[Scraped caption text data]
- - - -

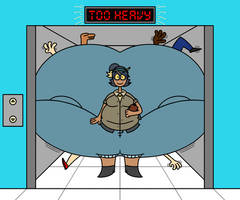 Dorrie takes an elevator (Fan Art)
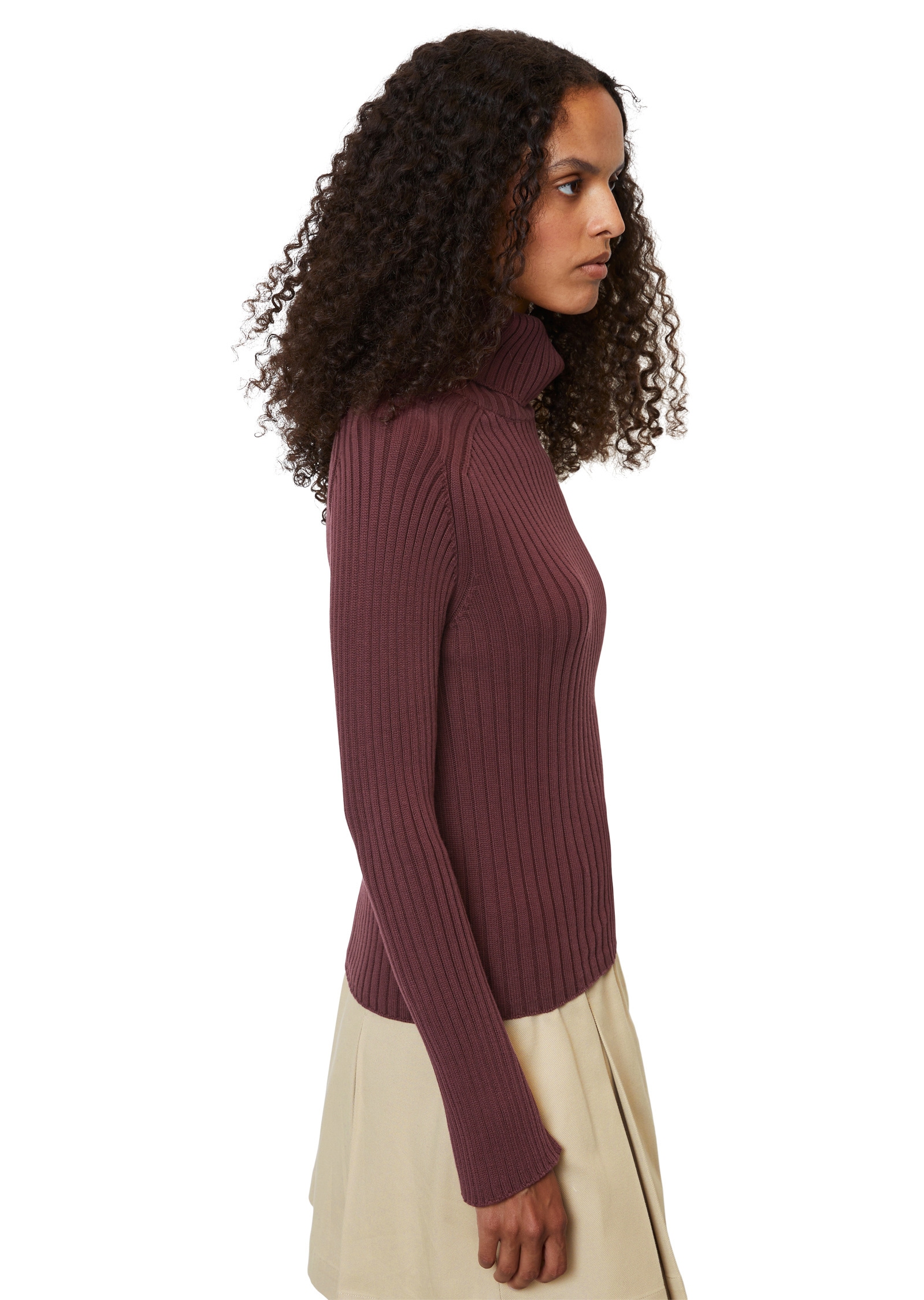Marc O'Polo Rollkragenpullover »aus Organic Cotton«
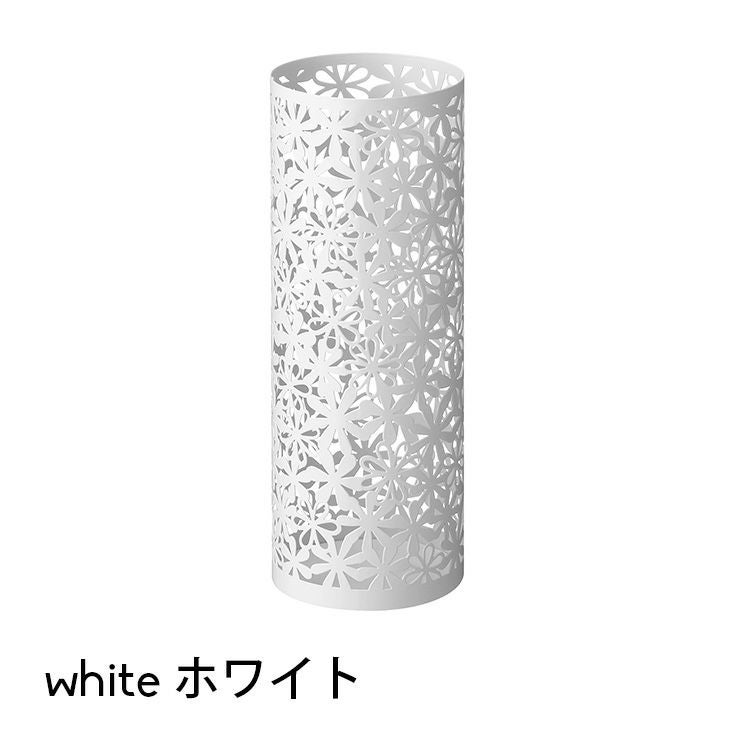 傘立て アンブレラスタンド フラワー（ホワイト） イメージ01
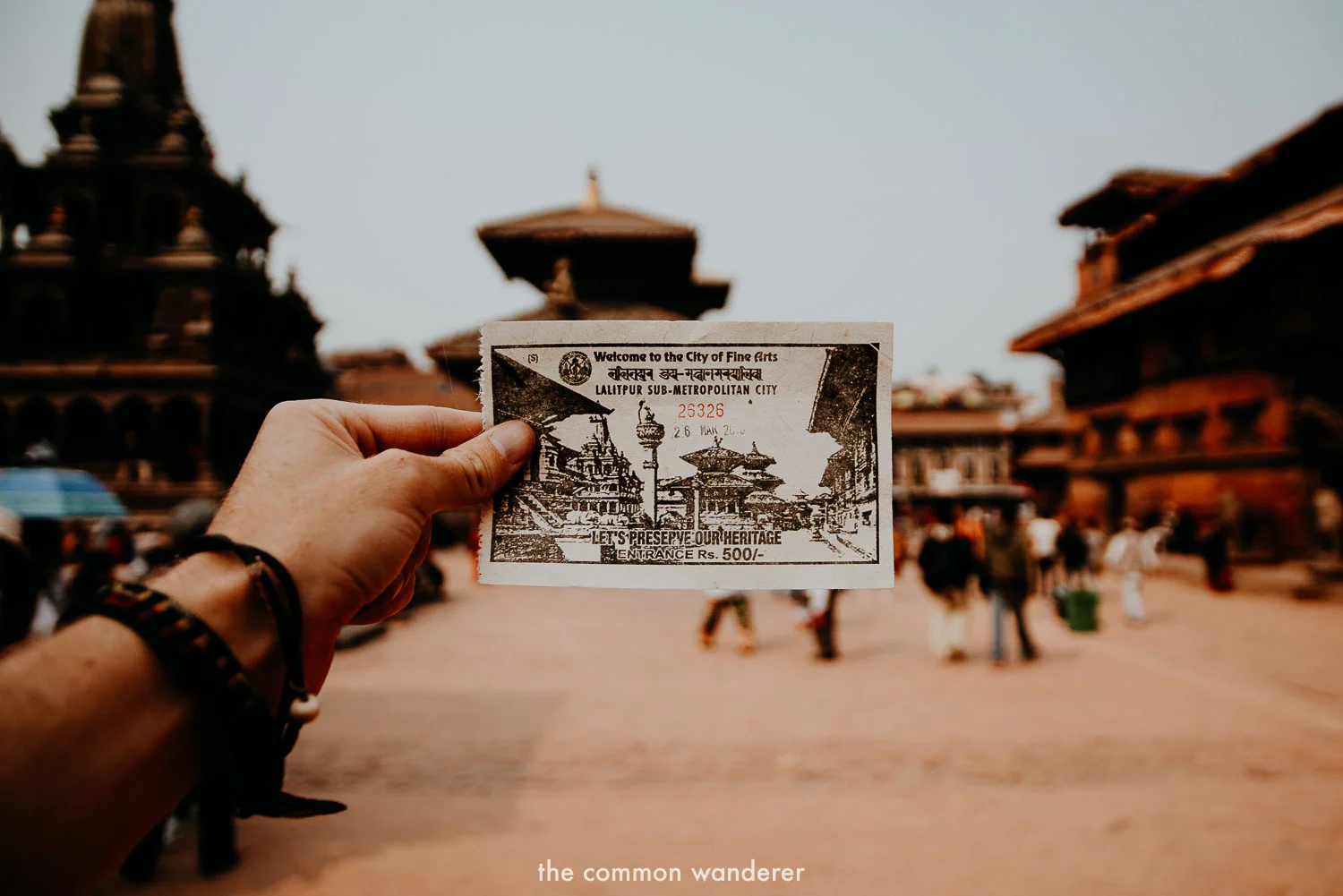A ticket to Patan Durbar Square Kathmandu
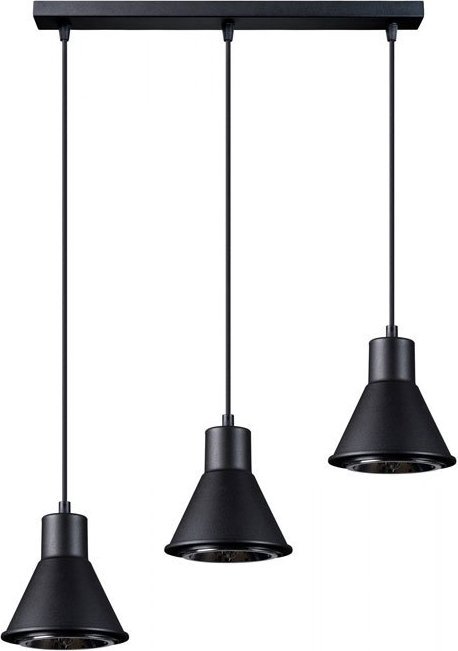 Lampa wisząca Lumes Czarna lampa wisząca nad stół punktowa - S171-Koria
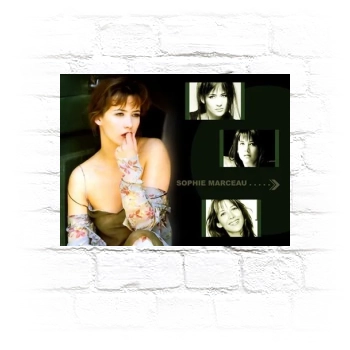 Sophie Marceau Metal Wall Art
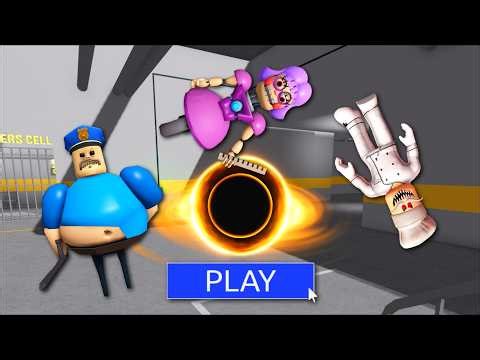 NEW Item Unlocked! BLACK HOLE In BARRYS PRISON RUN! Roblox Gameplay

- - - -

* **Aim of the exercise**
What you return must be every entry, word for word, without any pictures.

* **Answer box**
 Dorrie takes an elevator (Fan Art)
Marc O'Polo Rollkragenpullover »aus Organic Cotton«
 傘立て アンブレラスタンド フラワー（ホワイト） イメージ01
A ticket to Patan Durbar Square Kathmandu
 Lampa wisząca Lumes Czarna lampa wisząca nad stół punktowa - S171-Koria
 Sophie Marceau Metal Wall Art
 NEW Item Unlocked! BLACK HOLE In BARRYS PRISON RUN! Roblox Gameplay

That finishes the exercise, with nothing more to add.